### Work to be completed
Please retype the records below exactly, from the first line down to and including the line with "Hello everyone. This".

### Material supplied
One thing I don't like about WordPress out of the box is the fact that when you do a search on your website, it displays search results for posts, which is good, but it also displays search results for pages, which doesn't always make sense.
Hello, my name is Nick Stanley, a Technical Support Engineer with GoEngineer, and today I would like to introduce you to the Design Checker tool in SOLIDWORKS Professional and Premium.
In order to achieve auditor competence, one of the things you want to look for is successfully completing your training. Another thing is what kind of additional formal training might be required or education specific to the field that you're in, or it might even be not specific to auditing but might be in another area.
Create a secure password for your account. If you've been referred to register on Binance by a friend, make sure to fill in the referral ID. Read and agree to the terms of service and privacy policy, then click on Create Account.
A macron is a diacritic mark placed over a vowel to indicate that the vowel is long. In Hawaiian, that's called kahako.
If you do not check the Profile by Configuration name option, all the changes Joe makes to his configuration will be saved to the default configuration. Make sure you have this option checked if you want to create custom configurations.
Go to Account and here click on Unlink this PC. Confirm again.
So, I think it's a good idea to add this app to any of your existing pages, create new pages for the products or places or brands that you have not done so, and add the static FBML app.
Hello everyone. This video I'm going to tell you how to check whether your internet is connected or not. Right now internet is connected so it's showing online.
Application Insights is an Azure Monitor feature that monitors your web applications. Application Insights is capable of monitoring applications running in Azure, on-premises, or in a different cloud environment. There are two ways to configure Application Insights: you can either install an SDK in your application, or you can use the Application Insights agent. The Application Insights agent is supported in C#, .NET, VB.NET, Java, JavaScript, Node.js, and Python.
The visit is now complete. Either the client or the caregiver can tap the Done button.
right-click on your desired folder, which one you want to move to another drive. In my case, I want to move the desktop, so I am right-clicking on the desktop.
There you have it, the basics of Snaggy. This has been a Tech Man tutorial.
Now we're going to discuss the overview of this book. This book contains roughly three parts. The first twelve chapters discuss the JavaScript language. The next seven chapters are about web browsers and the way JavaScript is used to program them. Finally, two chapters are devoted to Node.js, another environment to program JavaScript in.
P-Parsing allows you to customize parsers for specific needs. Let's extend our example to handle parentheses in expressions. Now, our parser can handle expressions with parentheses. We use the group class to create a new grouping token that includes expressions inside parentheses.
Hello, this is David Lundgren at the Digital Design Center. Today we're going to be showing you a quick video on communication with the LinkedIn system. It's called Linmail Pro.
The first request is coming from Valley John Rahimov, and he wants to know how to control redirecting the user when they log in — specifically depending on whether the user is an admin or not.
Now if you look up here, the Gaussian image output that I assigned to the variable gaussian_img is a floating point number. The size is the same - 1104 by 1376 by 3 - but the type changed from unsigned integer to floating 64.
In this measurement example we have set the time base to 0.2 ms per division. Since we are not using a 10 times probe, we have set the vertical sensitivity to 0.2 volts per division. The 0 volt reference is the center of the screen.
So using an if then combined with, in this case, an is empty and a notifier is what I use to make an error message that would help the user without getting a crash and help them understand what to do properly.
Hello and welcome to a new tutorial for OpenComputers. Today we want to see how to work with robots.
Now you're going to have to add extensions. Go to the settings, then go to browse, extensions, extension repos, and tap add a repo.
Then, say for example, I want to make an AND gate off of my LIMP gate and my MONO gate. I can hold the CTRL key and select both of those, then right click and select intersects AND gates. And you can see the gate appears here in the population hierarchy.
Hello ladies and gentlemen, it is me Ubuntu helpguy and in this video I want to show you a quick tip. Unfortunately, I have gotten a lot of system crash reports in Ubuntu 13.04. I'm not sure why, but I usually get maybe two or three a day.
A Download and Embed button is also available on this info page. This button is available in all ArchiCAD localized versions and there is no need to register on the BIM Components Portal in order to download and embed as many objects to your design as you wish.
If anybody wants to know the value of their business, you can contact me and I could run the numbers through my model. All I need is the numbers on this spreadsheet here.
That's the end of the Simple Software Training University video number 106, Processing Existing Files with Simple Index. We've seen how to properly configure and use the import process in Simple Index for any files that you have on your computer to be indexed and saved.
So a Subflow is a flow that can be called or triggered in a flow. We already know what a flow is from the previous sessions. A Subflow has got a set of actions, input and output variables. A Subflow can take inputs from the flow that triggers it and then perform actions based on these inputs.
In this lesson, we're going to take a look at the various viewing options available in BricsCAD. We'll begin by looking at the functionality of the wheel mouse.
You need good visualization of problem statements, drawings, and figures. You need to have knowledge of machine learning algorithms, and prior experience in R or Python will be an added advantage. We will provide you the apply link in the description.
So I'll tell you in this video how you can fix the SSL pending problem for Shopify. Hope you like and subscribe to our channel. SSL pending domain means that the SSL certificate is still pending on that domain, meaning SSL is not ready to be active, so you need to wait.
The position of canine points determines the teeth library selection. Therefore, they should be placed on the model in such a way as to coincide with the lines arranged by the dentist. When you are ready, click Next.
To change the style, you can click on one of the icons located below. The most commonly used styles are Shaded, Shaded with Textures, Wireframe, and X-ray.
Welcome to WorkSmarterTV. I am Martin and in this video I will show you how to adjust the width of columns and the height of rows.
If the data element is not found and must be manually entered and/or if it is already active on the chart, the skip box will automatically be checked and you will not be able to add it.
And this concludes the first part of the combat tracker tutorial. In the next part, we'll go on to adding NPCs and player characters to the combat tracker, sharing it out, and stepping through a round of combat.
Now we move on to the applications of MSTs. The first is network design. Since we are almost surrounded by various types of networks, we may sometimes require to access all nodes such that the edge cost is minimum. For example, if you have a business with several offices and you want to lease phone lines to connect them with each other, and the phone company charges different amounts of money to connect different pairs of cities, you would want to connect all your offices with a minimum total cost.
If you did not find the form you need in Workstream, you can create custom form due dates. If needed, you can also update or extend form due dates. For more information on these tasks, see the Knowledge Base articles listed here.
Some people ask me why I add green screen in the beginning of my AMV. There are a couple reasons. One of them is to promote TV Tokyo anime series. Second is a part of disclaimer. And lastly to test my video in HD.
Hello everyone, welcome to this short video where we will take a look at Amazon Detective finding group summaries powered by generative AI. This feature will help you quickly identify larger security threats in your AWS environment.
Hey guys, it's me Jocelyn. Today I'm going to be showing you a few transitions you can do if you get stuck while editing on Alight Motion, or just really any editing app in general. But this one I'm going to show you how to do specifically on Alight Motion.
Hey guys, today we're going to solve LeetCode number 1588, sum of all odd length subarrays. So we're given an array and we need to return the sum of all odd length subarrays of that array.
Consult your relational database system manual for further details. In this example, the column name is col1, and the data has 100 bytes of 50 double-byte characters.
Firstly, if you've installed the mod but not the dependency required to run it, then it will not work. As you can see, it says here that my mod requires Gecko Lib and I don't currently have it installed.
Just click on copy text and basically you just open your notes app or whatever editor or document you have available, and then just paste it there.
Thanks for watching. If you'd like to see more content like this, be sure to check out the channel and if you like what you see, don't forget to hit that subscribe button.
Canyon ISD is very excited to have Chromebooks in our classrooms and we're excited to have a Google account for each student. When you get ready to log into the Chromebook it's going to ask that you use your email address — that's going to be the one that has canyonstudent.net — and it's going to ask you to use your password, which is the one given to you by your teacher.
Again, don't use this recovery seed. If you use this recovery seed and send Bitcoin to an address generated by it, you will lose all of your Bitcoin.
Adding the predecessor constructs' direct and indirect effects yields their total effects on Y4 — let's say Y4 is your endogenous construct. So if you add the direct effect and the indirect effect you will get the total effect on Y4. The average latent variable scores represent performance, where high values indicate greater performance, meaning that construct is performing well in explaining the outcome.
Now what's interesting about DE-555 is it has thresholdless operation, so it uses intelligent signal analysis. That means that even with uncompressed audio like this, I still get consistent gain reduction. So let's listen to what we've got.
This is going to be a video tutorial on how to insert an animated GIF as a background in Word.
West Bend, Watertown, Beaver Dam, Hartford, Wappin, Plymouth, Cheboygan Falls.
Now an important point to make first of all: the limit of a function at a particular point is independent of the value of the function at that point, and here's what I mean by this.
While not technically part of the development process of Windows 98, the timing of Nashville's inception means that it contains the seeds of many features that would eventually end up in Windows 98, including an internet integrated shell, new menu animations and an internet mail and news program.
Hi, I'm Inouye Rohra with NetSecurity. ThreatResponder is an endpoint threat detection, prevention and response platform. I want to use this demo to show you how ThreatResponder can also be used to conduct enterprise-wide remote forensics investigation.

### Exercise output
One thing I don't like about WordPress out of the box is the fact that when you do a search on your website, it displays search results for posts, which is good, but it also displays search results for pages, which doesn't always make sense.
Hello, my name is Nick Stanley, a Technical Support Engineer with GoEngineer, and today I would like to introduce you to the Design Checker tool in SOLIDWORKS Professional and Premium.
In order to achieve auditor competence, one of the things you want to look for is successfully completing your training. Another thing is what kind of additional formal training might be required or education specific to the field that you're in, or it might even be not specific to auditing but might be in another area.
Create a secure password for your account. If you've been referred to register on Binance by a friend, make sure to fill in the referral ID. Read and agree to the terms of service and privacy policy, then click on Create Account.
A macron is a diacritic mark placed over a vowel to indicate that the vowel is long. In Hawaiian, that's called kahako.
If you do not check the Profile by Configuration name option, all the changes Joe makes to his configuration will be saved to the default configuration. Make sure you have this option checked if you want to create custom configurations.
Go to Account and here click on Unlink this PC. Confirm again.
So, I think it's a good idea to add this app to any of your existing pages, create new pages for the products or places or brands that you have not done so, and add the static FBML app.
Hello everyone. This video I'm going to tell you how to check whether your internet is connected or not. Right now internet is connected so it's showing online.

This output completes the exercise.